Festival chairman Bruno Giussani told Euronews why a new plan was made to forge ahead with the program.
“We had to cancel the festival but we don’t need to cancel the core of our mission which is, of course, to show films, but through films to talk about the human rights issues that are falling apart all over the world,” he said. “To give a voice to activists, artists, experts, to denounce serious situations, to propose and highlight solutions and possible answers.”
Many guests came to participate in the debates, which were broadcast online to ensure the continuity of the programming.
The festival presented the film Prison for Profit a powerful documentary on the privatization of prisons in South Africa and around the world inspired by an investigation by Ruth Hopkins.
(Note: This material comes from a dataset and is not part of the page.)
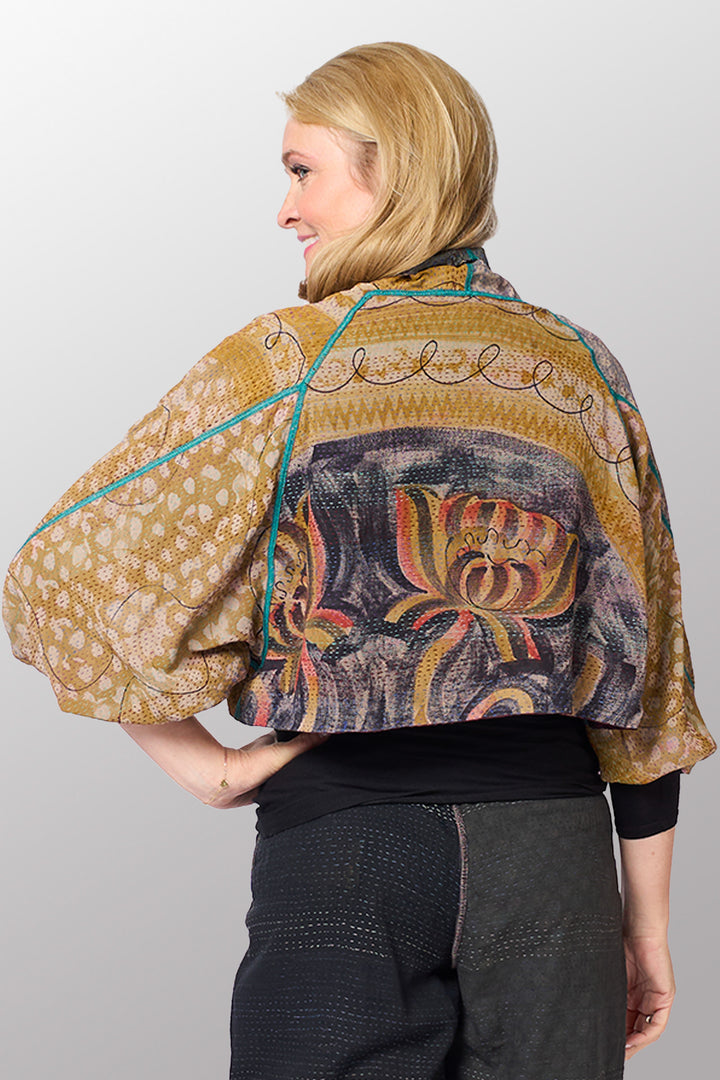 GEORGETTE JACQUARD VINTAGE SILK PATCH KANTHA PUFF SLV. SHRUG - gj2062-0001a -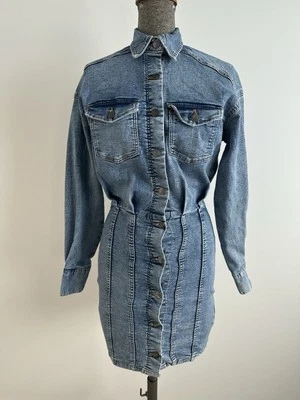 H&M Divided Womens Denim Blue Fitted Stretchy Denim Shirt Dress EU 38 US S Aus 6 - image 1 of 4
Co-director Femke Van Velzen, described how the project came about: “We heard about torturing, prisoners were injected with psychiatric drugs against their will, and these prisons are run by private, multinational companies like G4S.”
Her collaborator Ilse Van Velzen reiterated the point.
“The company G4S which is running this prison has sort of worldwide multiple incidence everywhere but they are never really linked,” she said.
In the context of privatization, both inmates and guards are the victims of a system that commodifies prisons, making it a business like any other, without any notion of public service and respect for human rights.
Another of this year’s central topics is international humanitarian law, particularly in Syria.
The Cave is one film that could not be screened but the debate, which is accessible online, allowed the main protagonist to report on the situation.
The film’s main protagonist Dr Amani Ballour told Euronews why the film is important to her.
“This documentary to me, it’s my reality, my life,” she said.
“So we want to tell the truth about what happens in Syria through this film, it’s our testimony about crimes against humanity, we want to show the people, the struggle of Syrian people, of Syrian women and chisdren, how they live under these very bad circumstances.”
The subjects of this 2020 2.0 edition are numerous, from China to Sudan to Palestine, the state of the world is mapped.
The environment and climate emergency are also among the main subjects of this decidedly essential festival.